I love it when people take things apart and expect you to put them back together again...
Firstly, the obligatory warning: Strobe lamps are very dangerous - that entire circuit is live at mains potential, and will (when it's working) be producing spikes of several kV. But I'm sure you allready knew that!
In case you're not familiar with them, strobe tubes are a xeneon discharge lamp with two main terminals and a trigger. The main terminals are at oposite ends of the tube inside the gas, while the trigger is usually a fine wire running over the outside of the tube, electrically isolated from the gas. A voltage is applied between the main terminals which, in itself, is not high enough to ionise the gas and strike an arc. To fire the tube, a very high voltage and very short pulse is applied to the trigger - this couples capacatively through the glass and ionises the gas. Once ionised, the gas conducts a current between the main terminals (lighting up as it does so). The arc will be sustained until the current falls below the holding current of the tube.
I've had a look over your photos, and think it's something as follows:
The tube is directly in series with the mains, via the large diodes D2, D3. This is common; once fired, the tube can conduct for (at most) one half-cycle. On the second half-cycle the diodes block and the tube has time to extinguish. C4 is accross the tube (and seems to be charged through C3 and a diode). When the tube fires, it will absorb all the energy from C4 and then contuniue to conduct for the rest of the half-cycle.

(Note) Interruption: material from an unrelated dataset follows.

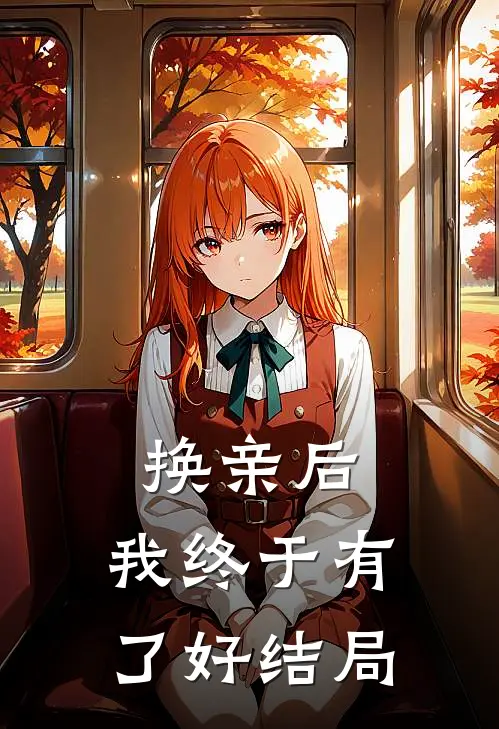 换亲后，我终于有了好结局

The trigger pulse is produced at the secondary of T1 and applied between Lamp2 and the Trigger terminal. To generate this pulse, Q1 conducts and discharges C1 through the primary of T1 into Neutral. C1 is then re-charged via D1 and R1 from the Line conductor. Q1 looks like it might be a Triac and is driven by Q2 via a capacitive coupling C5. Could this be a relaxation oscilator? I'm not sure if Q2 is driven from the DIP16 or the optocoupler... It's hard to be know how the control is done.

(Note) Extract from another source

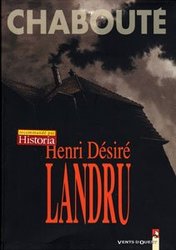 HENRI DÉSIRÉ LANDRU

The low voltage supply for the IC seems to be dropped through R2 and the diode that's hiding underneath it, with C2 being the reservior capacator - could that be a zener diode lurking behind it?

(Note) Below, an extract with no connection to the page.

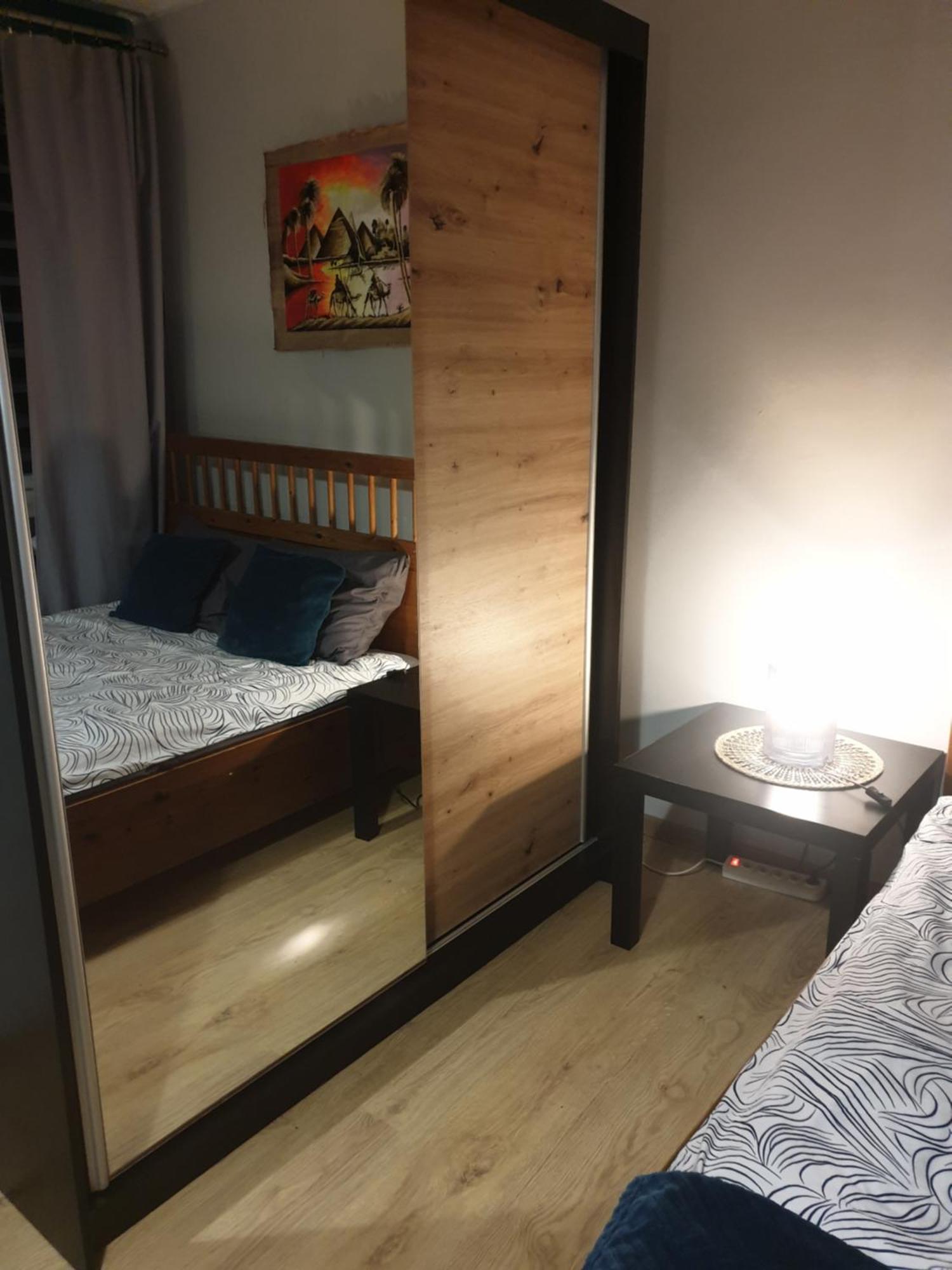 Clicktheflat24 Apart Rooms Pokoje Czechow Lublin Exterior photo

Please understand that I can't be sure about any of this, so please satisfy yourself that it makes sense before connecting up mains to your board and ruining it because I was wrong!
I'd start fault finding by checking T1 for continuity; you'll see it only has three connections - the two widings will be commoned at the Neutral point.
Then apply some power (need not be full mains) and see if you're getting any voltage on C2.
It would help us to know the part numbers are on the components, and how the controls and connectors are labeled.
Hope this helps - let us know how you get on (and be CAREFUL).